The magnates did not wilt under Dozsa’s brigandry. They fought back remorselessly and savagely. Whenever they received word that a group of peasants had thrown down their crude farm instruments to join Dozsa’s army, they fell upon the families left behind and exacted a toll so fearful that its aberrations may only be hinted at.
Now the magnates recruited an army which was made up of professional soldiers under the leadership of Hungary’s top noblemen.
History was preparing a grisly touch of irony as a climax to the macabre drama. Remember well that Dozsa was a nobleman who turned renegade in order to lead the despised peasants. Remember well that Jadwiga and Katherine Zapolya were denuded, deflowered and tortured to death by Dozsa himself.
Then turn your attention to the gathering armies of the magnates. Mark the name of its commanding general well. For it was none other than Janos Zapolya — uncle of the martyred virgins.
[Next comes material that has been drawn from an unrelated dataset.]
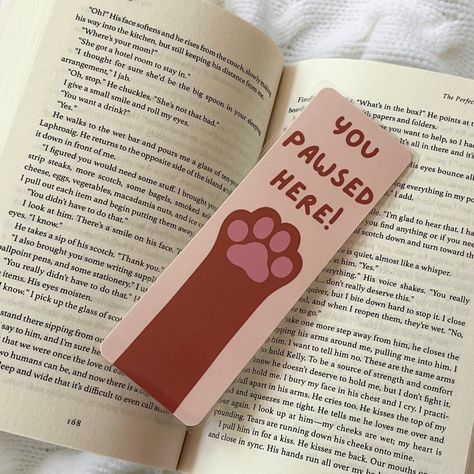 Happy #nationalbookloversday ! I’m so happy that I’m releasing my bookmarks on this day!!! Here’s one of my themes , I also have this available in doggy paws as well! These are completely handmade , hand drawn , and made with love! They’re laminated for extra protection as well 🩷 Share this with someone who loves cats!!! . . . #bookmarkshop #bookmarkart #catloverclub #bookishgirl #bookishart #bookloversofinstagram #bookstagram Bookmark Cat Design, Hand Drawn Bookmarks, Bookmarks Diy, Handmade Bookmarks Diy, Cute Easy Doodles, Bookmarks For Books, Handmade Bookmarks, Creative Bookmarks, Easy Doodles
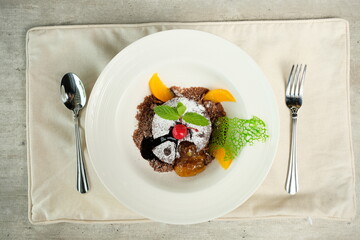 Gourmet dessert on a plate, featuring a brownie base, ice cream, fruits, and mint leaves, a culinary delight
Destiny ruled that Zapolya’s army must meet the rabble of Dozsa in one last orgy of blood letting. The moment came towards the end of 1514. (The exact date has become obscured.) No field encounter outdid the battle for unmitigated savagery. The ghosts of thousands of slaughtered women hung over the field shrieking for vengeance against both the magnates and the budos parazsts. Retribution for the evil deeds which both sides had committed came in the howling shrieks of men who saw their living members hacked off even before they fell to the ground.
But ill trained and ill equipped, the peasants were finally put to rout. A few survivors were captured and one of them was Gyorgy Dozsa himself. Brought in chains before Janos Zapolya, Dozsa was to hear his hideous sentence intoned.
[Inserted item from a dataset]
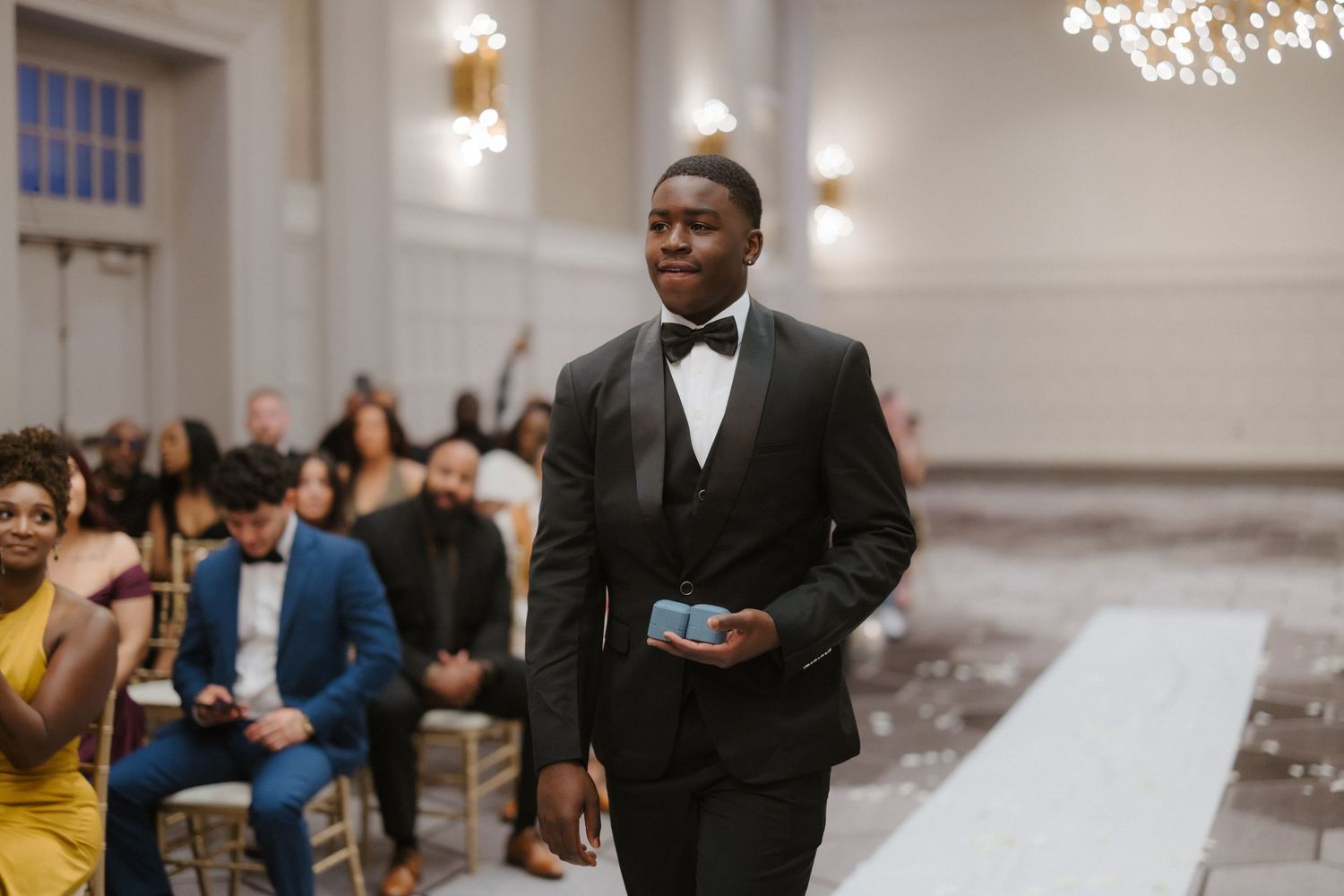 Young man in black tuxedo walks down wedding aisle in elegant venue with seated guests.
“On the morrow, Gyorgy Dozsa, your coronation will be proclaimed throughout the length and breadth of Hungary,” Zapolya informed the renegade.
The following morning as muffled drums beat through the city of what now is Budapest, Gyorgy Dozsa was led into a throng filled square. A few of his loyal peasants were whipped into line behind him.
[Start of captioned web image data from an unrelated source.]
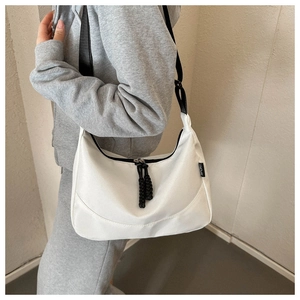 Detail of white nylon crescent bag showing the black SPORT label and woven zipper puller
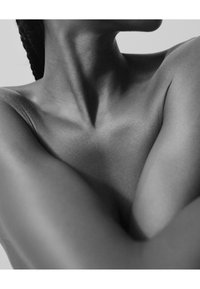 Image en noir et blanc se concentrant de près sur un teint de peau lisse et foncé avec une clavicule et des épaules visibles, mettant en valeur les ombres et les textures.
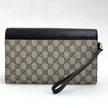 Gucci Clutch a mano GG Supreme con laccetto in pelle testa di moro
There, mounted on a roaring fire, was a huge iron chair which was to serve as Dozsa’s throne. Already the heavy iron glowed red hot. Dozsa was ordered to seat himself upon the improvised torture instrument. As the flesh of his buttocks and thighs began to sizzle and turn moist with blood blisters, a red hot sceptre was thrust into his hands.
To carry out the mock coronation to its ultimate of horror, a metal band which had been fashioned into a crown and heated white hot was forced down over his head.
The gruesome repast consisted of strips of Dozsa’s living flesh which were hacked off his body and presented to be eaten by his budos parazsts moments before they too were consigned to a waiting bonfire.
In tribute to the wild bravery of the renegade nobleman it must be said that he suffered his fate without so much as one outcry or plea for mercy.
Thus ended the peasant revolt of 1514. Thus ended the career of the wild Hun, Gyorgy Dozsa who had fashioned himself after his barbaric ancestors. Thus ended a year when 70,000 magnate and peasant women had died in shrieking agony, the victims of a war they never understood. It was a war without heroes, a war without chivalry, a war without mercy. In a way it typified all war.